In 2010, Coda Hale wrote How To Safely Store A Password which began with the repeated phrase, “Use bcrypt”, where the word bcrypt was linked to a different implementation for various programming languages.
This had two effects on the technology blogosphere at the time:
At the time, it was great advice!
In 2010, bcrypt was the only clearly good answer for password hashing in most programming languages.
In the intervening almost fifteen years, we’ve learned a lot more about passwords, password cracking, authentication mechanism beyond passwords, and password-based cryptography.
If you haven’t already read my previous post about password-based cryptography, you may want to give that one a once-over before you continue.
But we’ve also learned a lot more about bcrypt, its limitations, the various footguns involved with using it in practice, and even some cool shit you can build with it.
In light of a recent discussion about switching WordPress’s password hashing algorithm from PHPass (which is based on MD5) to bcrypt, I feel now is the perfect time to dive into this algorithm and its implications on real-world cryptography.
Bcrypt is a password hashing function, but not a password KDF or general-purpose cryptographic hash function.
If you’re using a sane password storage API, such as PHP’s password API, you don’t even need to think about salting your passwords, securely verifying passwords, or handling weird error conditions.

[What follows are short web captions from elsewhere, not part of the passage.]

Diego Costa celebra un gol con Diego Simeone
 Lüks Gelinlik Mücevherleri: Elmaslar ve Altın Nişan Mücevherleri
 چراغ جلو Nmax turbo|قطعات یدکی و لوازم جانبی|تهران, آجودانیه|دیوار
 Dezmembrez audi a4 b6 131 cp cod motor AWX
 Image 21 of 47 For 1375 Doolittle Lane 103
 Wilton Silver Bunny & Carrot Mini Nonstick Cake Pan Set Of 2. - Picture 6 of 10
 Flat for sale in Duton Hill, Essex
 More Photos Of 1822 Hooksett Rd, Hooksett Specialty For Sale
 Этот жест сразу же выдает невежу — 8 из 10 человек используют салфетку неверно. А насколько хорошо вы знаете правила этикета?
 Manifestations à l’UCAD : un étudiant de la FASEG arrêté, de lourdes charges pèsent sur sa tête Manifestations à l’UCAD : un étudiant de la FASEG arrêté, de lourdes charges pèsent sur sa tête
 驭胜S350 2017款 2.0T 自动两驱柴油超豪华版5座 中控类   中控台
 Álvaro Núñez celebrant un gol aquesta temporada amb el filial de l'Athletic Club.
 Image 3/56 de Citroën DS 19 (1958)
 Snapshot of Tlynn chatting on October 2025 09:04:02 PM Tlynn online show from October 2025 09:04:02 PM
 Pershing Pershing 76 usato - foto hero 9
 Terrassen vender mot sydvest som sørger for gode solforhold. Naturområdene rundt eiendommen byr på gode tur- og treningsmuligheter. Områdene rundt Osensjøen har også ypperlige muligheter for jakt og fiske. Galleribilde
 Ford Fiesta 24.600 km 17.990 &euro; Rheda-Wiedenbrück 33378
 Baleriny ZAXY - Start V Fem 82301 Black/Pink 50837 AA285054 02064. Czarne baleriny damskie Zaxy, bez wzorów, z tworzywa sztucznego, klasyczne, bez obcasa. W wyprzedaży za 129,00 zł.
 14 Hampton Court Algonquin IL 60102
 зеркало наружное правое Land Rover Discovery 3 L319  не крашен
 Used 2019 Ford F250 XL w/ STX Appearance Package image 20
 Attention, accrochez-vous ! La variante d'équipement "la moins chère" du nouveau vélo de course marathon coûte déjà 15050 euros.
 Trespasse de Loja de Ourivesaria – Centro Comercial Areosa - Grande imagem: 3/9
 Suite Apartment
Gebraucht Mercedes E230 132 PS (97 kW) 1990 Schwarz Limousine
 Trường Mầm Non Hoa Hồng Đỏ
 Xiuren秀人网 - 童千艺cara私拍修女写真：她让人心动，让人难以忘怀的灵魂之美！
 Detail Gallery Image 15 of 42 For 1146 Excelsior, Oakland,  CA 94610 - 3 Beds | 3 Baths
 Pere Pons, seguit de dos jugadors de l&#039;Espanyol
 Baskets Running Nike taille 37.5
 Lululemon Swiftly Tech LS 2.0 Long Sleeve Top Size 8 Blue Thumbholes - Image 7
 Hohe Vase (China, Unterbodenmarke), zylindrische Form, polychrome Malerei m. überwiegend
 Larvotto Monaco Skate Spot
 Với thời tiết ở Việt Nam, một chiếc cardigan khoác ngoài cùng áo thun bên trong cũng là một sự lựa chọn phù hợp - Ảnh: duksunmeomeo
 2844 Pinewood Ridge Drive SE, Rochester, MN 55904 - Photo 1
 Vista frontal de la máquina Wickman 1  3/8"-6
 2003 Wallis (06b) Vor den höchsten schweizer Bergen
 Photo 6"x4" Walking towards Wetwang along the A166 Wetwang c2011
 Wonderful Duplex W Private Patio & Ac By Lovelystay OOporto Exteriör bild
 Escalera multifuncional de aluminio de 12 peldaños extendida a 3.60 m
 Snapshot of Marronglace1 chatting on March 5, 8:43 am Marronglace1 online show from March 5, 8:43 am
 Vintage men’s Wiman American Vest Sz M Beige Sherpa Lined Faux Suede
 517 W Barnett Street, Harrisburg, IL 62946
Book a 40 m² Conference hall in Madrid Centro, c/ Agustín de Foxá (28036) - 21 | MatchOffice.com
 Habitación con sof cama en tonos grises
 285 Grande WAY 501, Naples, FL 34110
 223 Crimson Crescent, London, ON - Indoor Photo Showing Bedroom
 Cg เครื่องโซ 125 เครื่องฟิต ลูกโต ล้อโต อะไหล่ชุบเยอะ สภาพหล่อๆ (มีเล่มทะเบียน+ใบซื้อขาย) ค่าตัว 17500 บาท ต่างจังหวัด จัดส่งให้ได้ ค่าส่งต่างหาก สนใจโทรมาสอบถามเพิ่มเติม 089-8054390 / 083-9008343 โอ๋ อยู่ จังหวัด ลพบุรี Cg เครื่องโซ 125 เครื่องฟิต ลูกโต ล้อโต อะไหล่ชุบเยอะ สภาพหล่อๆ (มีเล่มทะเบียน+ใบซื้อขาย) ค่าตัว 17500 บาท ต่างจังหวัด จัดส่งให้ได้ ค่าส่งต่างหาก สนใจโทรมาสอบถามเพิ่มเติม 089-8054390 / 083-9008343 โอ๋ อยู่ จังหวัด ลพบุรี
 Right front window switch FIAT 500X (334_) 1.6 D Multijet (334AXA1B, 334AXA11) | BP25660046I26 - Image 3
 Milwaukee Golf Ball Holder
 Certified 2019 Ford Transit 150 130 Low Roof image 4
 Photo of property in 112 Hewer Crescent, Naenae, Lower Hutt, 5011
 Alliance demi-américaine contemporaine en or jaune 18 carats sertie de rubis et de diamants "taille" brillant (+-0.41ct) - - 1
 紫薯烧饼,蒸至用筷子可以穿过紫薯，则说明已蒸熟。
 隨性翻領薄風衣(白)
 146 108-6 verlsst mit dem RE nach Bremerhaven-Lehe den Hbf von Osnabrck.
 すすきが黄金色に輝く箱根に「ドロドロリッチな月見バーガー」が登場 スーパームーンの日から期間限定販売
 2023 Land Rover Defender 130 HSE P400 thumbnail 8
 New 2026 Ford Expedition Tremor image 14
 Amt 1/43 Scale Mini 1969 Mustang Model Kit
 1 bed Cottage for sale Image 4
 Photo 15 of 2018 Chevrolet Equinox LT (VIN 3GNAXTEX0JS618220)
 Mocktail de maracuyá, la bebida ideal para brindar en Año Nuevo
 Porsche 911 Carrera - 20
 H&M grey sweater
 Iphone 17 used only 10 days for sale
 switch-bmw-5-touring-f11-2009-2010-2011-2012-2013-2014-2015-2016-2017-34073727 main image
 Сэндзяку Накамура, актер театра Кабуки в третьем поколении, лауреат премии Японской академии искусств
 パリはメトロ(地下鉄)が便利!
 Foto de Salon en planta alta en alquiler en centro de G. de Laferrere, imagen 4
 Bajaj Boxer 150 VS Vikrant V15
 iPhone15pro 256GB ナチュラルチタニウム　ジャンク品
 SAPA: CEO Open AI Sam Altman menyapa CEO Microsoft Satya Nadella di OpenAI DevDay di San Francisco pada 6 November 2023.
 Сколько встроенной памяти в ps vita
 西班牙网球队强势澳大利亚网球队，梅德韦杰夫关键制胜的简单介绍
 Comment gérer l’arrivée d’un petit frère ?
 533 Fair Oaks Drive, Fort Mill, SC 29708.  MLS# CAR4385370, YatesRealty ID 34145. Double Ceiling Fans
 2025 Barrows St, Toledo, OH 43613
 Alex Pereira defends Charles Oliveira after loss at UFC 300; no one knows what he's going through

Instead, you only need concern yourself with the “cost” factor, which exponentially increases the runtime of the algorithm.
There’s just one problem: bcrypt silently truncates after 72 characters. (Demo.)
<?php $example1 = str_repeat('A', 72); $example2 = $example1 . 'B'; $hash = password_hash($example1, PASSWORD_BCRYPT); var_dump(password_verify($example2, $hash));
This may sound ludicrous (“who uses 72 character passwords anyway?”) until you see security advisories like this recent one from Okta.
The Bcrypt algorithm was used to generate the cache key where we hash a combined string of userId + username + password. Under a specific set of conditions, listed below, this could allow users to authenticate by providing the username with the stored cache key of a previous successful authentication.
(…)
- The username is 52 characters or longer
The other thing to consider is that many people use passphrases, such as those generated from Diceware, which produce longer strings with less entropy per character.
If you use bcrypt as-is, you will inevitably run into this truncation at some point.
In response to this limitation, many developers will suggest pre-hashing the password with a general purpose cryptographic hash function, such as SHA-256.
And so, in pursuit of a way to avoid one footgun, developers introduced two more.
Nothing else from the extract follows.